I also heartily recommend this. I’ve been watching the videos whilst ploughing through the PDF book version [1] on my Kindle. He really is a very good teacher.
Just another opinion on this: I don't think "Category Theory for Programmers" is that great from a pedagogical perspective. I get that its freely accessible, but like the "Haskell from First Principles" book, the quality of the exposition is a bit questionable.
Call me old-fashioned, but when it comes to learning math, I believe it pays to seek out people who really know how to teach the subject, rather than (what might uncharitably be described as) self-promoters churning out half-baked introductory materials. This goes for the "Catsters" video series as well. Everybody points to them as if they're brilliant, but compared to what standard? Sometimes it feels as if the people who blithely link to these resources are indifferent to whether the teaching is good or bad.
Even Mac Lane's book "Categories for the Working Mathematician" has been credibly criticised for being poorly written—but because it's so famous/prestigious it still gets loads of five-star reviews.

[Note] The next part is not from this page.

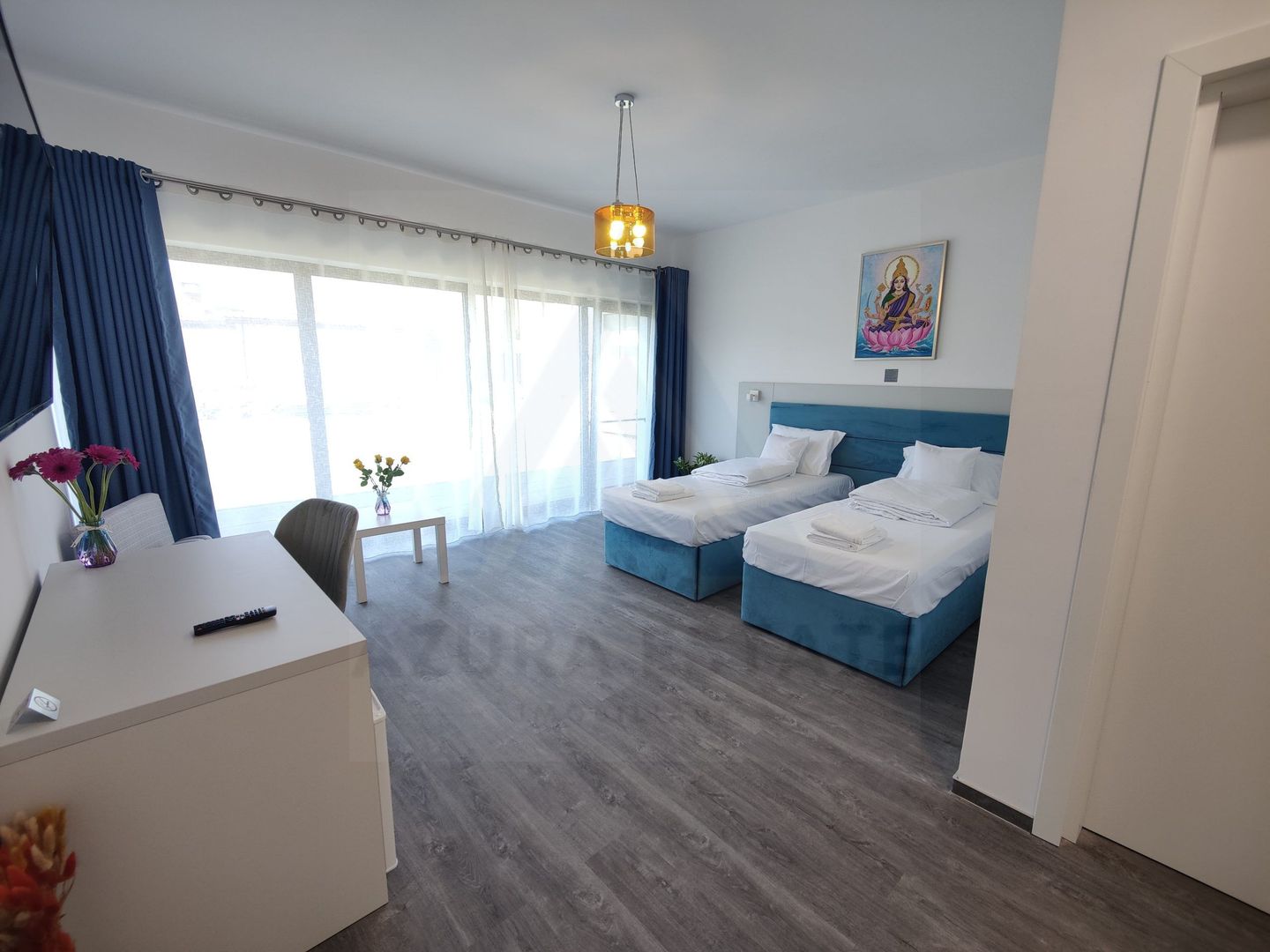 Pensiune 600 mp an 2023 si casa 130 mp teren 4600 mp zona V. Avrigului - Poză 11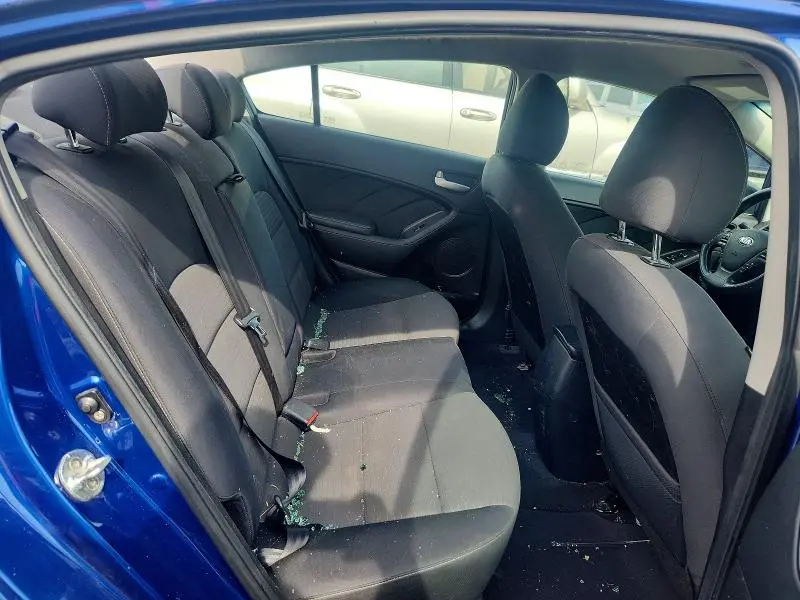 2018 KIA FORTE LX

Personally, I'd recommend Categories and Computer Science by RFC Walters, or Steve Awodey's Category Theory for a more general overview.
(This might all sound peevish, but it feels like a real hazard of trying to learn difficult things from the web: the most conspicuous and superficially charismatic offerings/lecture notes/blogs don't always turn out to be reliable or well thought-out when it comes to an average person actually trying to learn the material.
Monads are a good example of this bad situation. A good way to learn about monads would be to have a few, shortish, interactive conversations with an expert. Ten thousand cute online monad analogy tutorials is the opposite of this: it's actively counterproductive because each new analogy just creates more vagueness and FUD.)
I get the feeling there are two very different paths towards an understanding of category theory. Moreover, I feel these paths either don't quite converge or only converge very slowly.
The roads are:
* Through experience as a type-system in e.g. Haskell
* Through experience using this in pure mathematics
From my experience, it seems that trying to swap between the two paths at the start is reaaally confusing. You need to stick to one path until it makes sense. Then perhaps later, you can get back to the other path. The point where "it makes sense" is when you get out of the toy-examples and manage to put it to actual use. My hypothesis is that: because the first actual usage examples are so different between the two paths, switching only confuses you.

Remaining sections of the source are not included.